A celebrated prosecutor who brought long-overdue justice to the victims of the 16th Street Baptist Church bombing, Senator Doug Jones has built his career on fighting “impossible” battles. In 2017, he shocked the political establishment by winning a special election to fill a U.S. Senate seat in Alabama – the first Democrat to do so in 25 years in the state. On Capitol Hill, he quickly built a reputation as a well-regarded and effective legislator, passing more than two dozen bipartisan bills into law in just three years.

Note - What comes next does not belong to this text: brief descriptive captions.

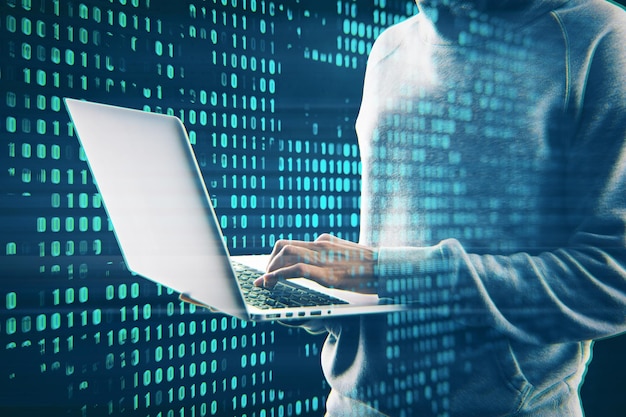 Hacker using laptop with creative digital binary code dots hologram Digital data hacking concept Double exposure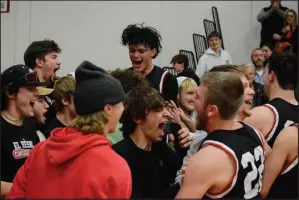  ?? Bennett Horne/McDonald County Press ?? (Above photo) Joshua Pacheco (back, center) and Weston Gordon (22) celebrate winning the Big 8 West crown with members of the MCHS student body at Nevada on Friday, Feb. 10. (Top photo) The McDonald County Mustangs defeated the Nevada Tigers, 60-57 to claim the Big 8 West title for the second season in a row.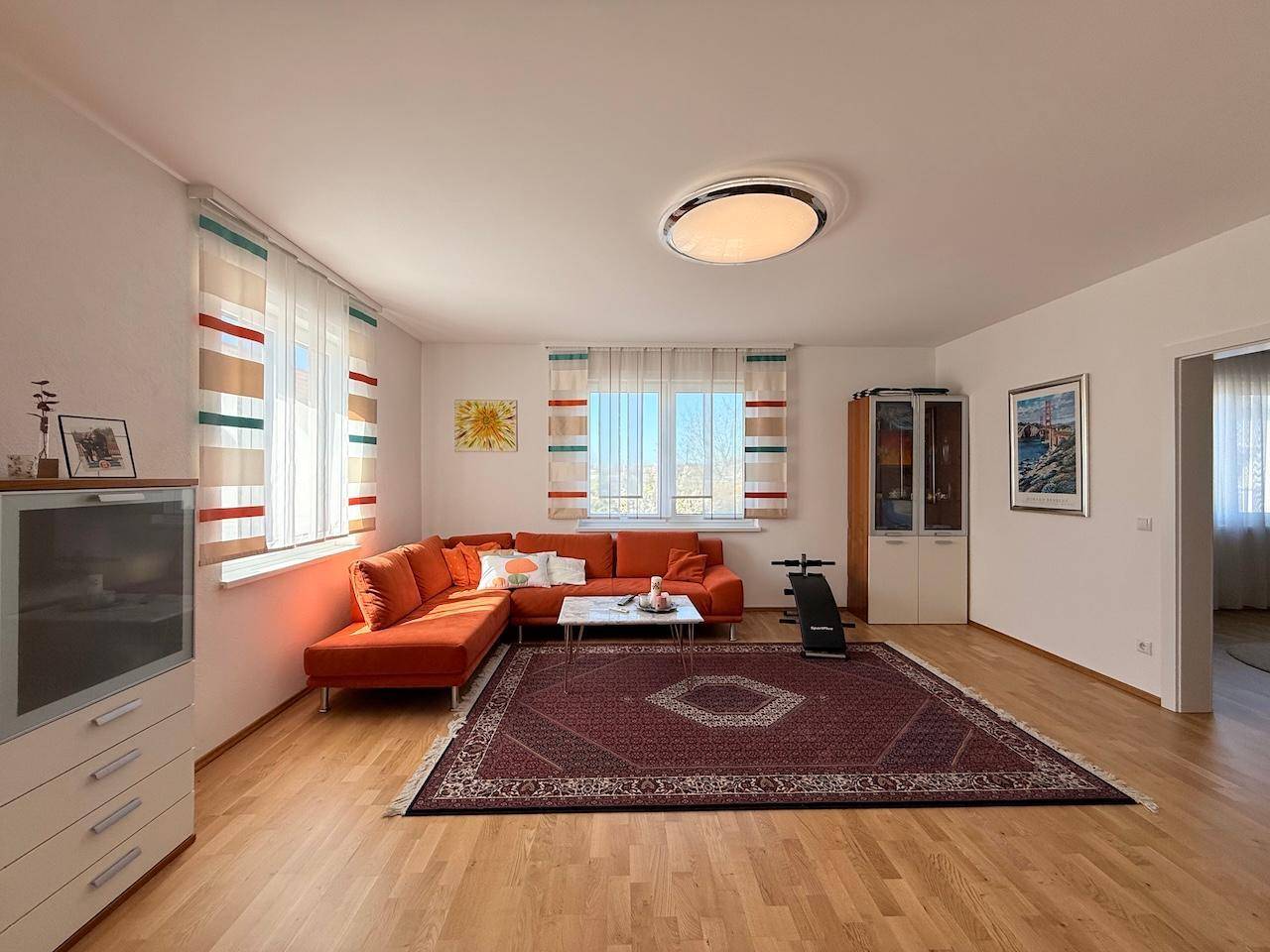Geräumiges Wohnzimmer mit Parkettboden, orangefarbenem Sofa und großen Fenstern für viel Licht.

As the only state-wide federally elected Democrat in the Deep South during his term, Jones gave hope for the first time in a generation to an overlooked – but growing – demographic of Americans. Despite the perceived political risks, Jones was unapologetic in addressing the toughest issues of the day, including using his maiden speech on the Senate floor to call for gun policy reforms. Often under tremendous pressure to take politically motivated votes, Jones frequently bucked the pundits to vote his conscience, whether it was voting to convict President Trump in his first impeachment trial or voting against the confirmation of Justice Brett Kavanaugh. He also established the annual tradition of a bipartisan reading of Dr. Martin Luther King, Jr.’s Letter from a Birmingham Jail in the Senate chamber, and has been an outspoken Southern voice in support of racial justice and equity.
His brand of common-sense, “kitchen table” politics has resonated across the South, paving the way for more competitive elections and energizing grassroots efforts. He has also earned bipartisan praise from his fellow lawmakers as well as top awards from the U.S. Chamber of Commerce, the Military Officers Association of America, the National Rural Health Association, and more. Today, he also serves a contributor for CNN and is a Fellow at the Institute of Politics and Public Service at Georgetown University’s McCourt School of Public Policy.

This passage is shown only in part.